Neue Studie

Brexit trifft NRW-Wirtschaft weniger hart als befürchtet

Blick in die Zukunft ohne Briten in der EU: Für die NRW-Wirtschaft kommt es laut einer Studie nicht ganz so dicke wie zunächst befürchtet.

Blick in die Zukunft ohne Briten in der EU: Für die NRW-Wirtschaft kommt es laut einer Studie nicht ganz so dicke wie zunächst befürchtet.

Foto: THIERRY ROGE

Düsseldorf   Neue Erhebung des Instituts der deutschen Wirtschaft sieht auch Chancen. Schon 100 britische Firmen fanden neuen Standort an Rhein und Ruhr.

Der Austritt Großbritanniens aus der Europäischen Union (EU) könnte die nordrhein-westfälische Wirtschaft weniger hart treffen als befürchtet. Das geht aus einer Studie des Instituts der deutschen Wirtschaft (IW) im Auftrag des NRW-Wirtschaftsministeriums hervor.

Demnach werden zwar von den befragten Managern die negativen Folgewirkungen des Brexits höher eingeschätzt als die positiven.
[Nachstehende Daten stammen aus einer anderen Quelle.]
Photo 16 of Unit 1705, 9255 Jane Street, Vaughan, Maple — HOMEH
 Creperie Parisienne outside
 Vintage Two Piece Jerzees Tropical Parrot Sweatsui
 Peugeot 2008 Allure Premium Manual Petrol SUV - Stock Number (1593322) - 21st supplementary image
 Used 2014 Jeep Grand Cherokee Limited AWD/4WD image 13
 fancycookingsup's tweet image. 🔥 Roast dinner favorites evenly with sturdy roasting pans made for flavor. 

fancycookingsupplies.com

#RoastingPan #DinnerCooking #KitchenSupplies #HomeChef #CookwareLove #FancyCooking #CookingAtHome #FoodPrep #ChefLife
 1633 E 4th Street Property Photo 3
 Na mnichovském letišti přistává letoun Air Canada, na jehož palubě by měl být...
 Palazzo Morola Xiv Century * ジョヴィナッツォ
Zugleich gehen jedoch 37 Prozent der Unternehmen davon aus, dass ihre derzeitige britische Konkurrenz bei einem harten Brexit ohne Austrittsabkommen mit der EU geschwächt werden dürfte. Die internationale Wettbewerbsposition der Wirtschaft des Vereinigten Königreichs insgesamt werde leiden, glauben die NRW-Unternehmer.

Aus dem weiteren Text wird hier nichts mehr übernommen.